Exercise data.
· · · ·
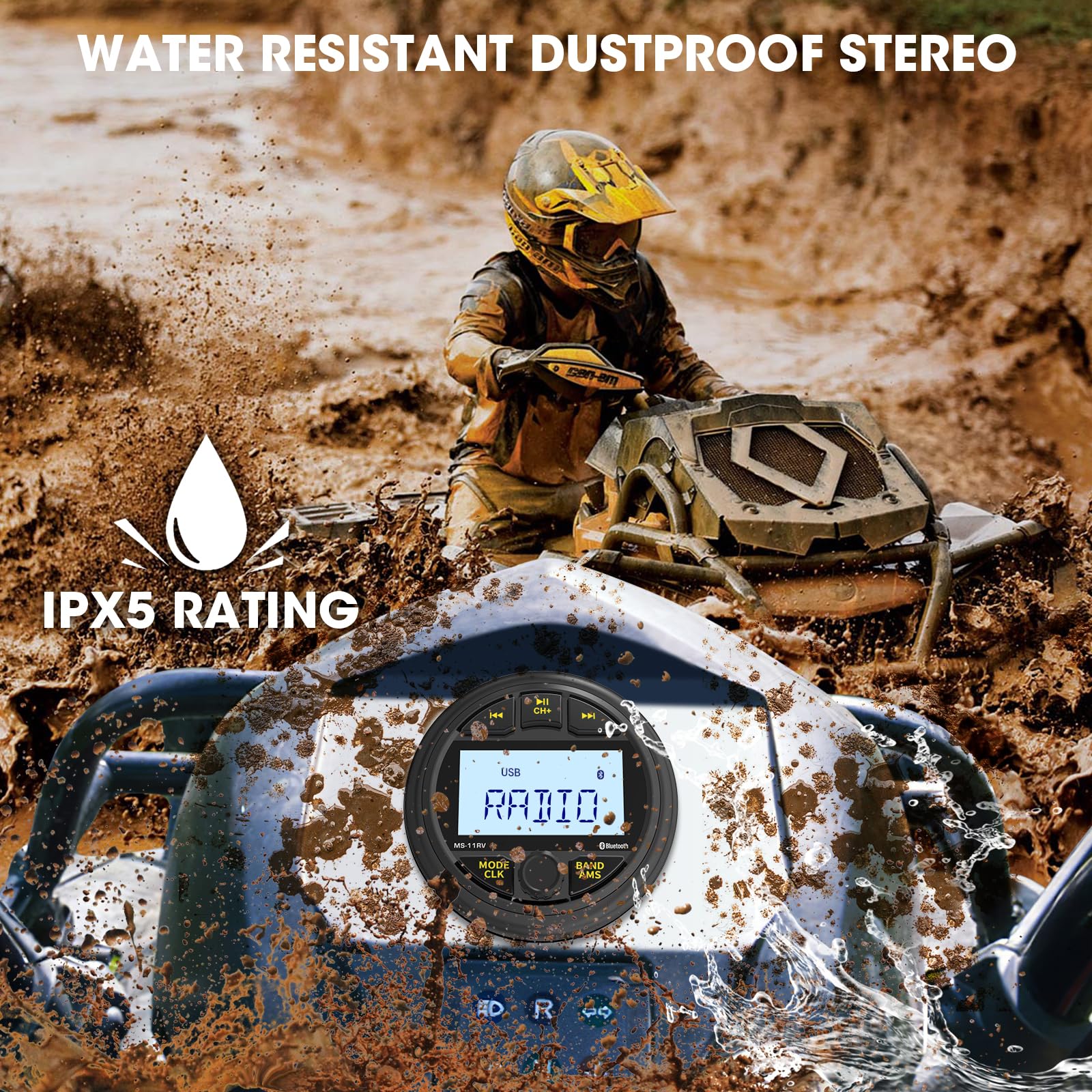 Waterproof Marine Gauge Stereo Receiver - Bluetooth Boat Am Fm Radio - 2.8 Inch Lcd Display Mp3 Usb Aux-In Subwoofer Pre-Amp 200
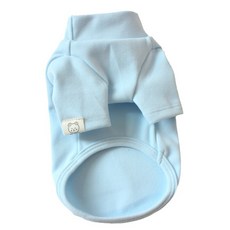 강아지 겨울기모보온 곰돌이 라벨티셔츠, 1개, 블루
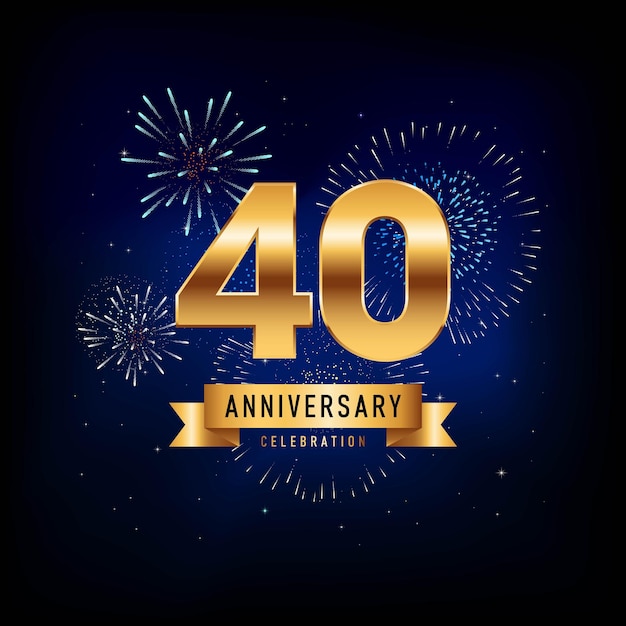 Diseño de plantilla de 40 aniversario con cinta dorada Ilustración de plantilla vectorial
· · · ·
To do. Drop the images and copy all the data exactly.

Response for this exercise.
 Waterproof Marine Gauge Stereo Receiver - Bluetooth Boat Am Fm Radio - 2.8 Inch Lcd Display Mp3 Usb Aux-In Subwoofer Pre-Amp 200
 강아지 겨울기모보온 곰돌이 라벨티셔츠, 1개, 블루
 Diseño de plantilla de 40 aniversario con cinta dorada Ilustración de plantilla vectorial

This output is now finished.